:: Work instruction ::
From the line with "Lottery Result Today July 4, 2025" to the final line, print the records exactly as they are.

:: Data in this exercise ::
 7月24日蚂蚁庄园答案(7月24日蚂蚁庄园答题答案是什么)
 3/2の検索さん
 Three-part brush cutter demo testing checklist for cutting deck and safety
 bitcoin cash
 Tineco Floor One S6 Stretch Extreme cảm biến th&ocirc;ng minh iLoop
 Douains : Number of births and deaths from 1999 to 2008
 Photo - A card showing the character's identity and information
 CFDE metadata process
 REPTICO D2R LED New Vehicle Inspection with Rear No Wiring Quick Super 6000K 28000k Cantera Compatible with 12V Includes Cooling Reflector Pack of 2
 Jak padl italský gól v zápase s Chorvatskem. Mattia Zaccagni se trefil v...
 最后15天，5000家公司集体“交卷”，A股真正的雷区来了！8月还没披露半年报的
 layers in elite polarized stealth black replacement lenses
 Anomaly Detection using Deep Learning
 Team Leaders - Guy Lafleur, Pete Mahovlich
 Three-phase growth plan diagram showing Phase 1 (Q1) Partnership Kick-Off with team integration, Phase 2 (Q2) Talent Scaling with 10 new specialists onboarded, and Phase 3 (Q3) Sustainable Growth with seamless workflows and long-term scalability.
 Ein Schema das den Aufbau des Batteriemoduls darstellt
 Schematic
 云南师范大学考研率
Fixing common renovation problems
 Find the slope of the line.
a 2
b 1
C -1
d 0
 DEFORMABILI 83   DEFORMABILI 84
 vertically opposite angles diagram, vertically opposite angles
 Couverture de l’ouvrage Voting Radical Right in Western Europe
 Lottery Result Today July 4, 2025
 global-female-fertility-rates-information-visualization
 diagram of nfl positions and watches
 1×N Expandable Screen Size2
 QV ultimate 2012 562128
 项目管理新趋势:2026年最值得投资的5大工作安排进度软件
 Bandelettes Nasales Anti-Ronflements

:: Expected answer ::
 Lottery Result Today July 4, 2025
 global-female-fertility-rates-information-visualization
 diagram of nfl positions and watches
 1×N Expandable Screen Size2
 QV ultimate 2012 562128
 项目管理新趋势:2026年最值得投资的5大工作安排进度软件
 Bandelettes Nasales Anti-Ronflements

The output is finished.